§ **What the task requires**
Go through the entries below and collect each line with the string "Sheet" in it.

[Short descriptive text snippets]
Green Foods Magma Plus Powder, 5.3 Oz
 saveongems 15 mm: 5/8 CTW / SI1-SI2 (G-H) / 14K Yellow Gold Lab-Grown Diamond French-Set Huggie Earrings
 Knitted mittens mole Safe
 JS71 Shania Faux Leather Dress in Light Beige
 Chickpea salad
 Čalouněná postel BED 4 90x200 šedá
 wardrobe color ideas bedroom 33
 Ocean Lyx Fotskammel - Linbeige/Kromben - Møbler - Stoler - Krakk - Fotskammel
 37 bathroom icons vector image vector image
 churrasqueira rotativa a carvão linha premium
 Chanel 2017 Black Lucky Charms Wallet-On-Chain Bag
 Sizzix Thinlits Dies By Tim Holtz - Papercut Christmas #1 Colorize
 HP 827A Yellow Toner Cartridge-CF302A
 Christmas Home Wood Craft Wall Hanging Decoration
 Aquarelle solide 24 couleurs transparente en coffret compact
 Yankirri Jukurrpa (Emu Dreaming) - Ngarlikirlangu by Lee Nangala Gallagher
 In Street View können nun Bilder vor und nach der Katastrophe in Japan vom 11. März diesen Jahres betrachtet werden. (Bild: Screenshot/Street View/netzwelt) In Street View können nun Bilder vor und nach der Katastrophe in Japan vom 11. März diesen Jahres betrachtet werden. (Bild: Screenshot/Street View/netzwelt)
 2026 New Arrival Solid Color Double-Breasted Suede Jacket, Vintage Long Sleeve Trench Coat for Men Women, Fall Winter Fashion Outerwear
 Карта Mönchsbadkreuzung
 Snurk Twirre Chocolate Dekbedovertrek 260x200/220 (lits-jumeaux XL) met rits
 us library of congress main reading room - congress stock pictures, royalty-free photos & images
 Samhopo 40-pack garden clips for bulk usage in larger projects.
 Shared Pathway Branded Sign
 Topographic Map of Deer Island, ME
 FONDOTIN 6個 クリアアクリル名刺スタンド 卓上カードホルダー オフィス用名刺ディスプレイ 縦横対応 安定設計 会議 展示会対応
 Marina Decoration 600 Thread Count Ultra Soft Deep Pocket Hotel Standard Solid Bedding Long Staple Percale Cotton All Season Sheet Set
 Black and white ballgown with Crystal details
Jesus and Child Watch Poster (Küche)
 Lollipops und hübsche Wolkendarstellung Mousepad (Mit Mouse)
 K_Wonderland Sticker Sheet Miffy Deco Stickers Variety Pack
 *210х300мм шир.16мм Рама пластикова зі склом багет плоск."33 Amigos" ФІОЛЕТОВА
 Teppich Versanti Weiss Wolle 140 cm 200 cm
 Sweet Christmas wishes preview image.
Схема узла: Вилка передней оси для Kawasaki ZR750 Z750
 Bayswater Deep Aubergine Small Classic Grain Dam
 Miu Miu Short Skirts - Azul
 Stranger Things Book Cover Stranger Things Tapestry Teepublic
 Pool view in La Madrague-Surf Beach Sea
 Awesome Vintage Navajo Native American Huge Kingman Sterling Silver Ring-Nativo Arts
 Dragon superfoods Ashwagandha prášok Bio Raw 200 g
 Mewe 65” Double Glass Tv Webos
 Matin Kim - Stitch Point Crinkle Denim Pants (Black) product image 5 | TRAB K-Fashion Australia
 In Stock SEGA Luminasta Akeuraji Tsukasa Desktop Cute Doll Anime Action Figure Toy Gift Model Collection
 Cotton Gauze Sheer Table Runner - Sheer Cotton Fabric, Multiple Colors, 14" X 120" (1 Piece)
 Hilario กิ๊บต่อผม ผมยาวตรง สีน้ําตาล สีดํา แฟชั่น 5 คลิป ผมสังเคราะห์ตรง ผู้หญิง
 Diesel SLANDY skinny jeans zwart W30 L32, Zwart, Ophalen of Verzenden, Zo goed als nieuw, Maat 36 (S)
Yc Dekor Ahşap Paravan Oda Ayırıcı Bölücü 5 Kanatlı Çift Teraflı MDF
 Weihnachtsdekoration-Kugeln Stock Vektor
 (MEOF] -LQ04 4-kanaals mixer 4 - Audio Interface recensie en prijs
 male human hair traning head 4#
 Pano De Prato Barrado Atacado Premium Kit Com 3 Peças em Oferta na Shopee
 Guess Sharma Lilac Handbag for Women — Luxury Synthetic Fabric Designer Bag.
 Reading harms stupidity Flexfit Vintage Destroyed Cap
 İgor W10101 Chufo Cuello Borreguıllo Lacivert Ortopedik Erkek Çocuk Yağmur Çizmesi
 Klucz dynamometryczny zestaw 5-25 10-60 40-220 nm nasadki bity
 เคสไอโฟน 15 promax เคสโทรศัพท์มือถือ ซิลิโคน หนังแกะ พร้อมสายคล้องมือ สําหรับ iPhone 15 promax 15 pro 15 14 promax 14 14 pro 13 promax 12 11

§ **Exercise solution**
 Marina Decoration 600 Thread Count Ultra Soft Deep Pocket Hotel Standard Solid Bedding Long Staple Percale Cotton All Season Sheet Set
 K_Wonderland Sticker Sheet Miffy Deco Stickers Variety Pack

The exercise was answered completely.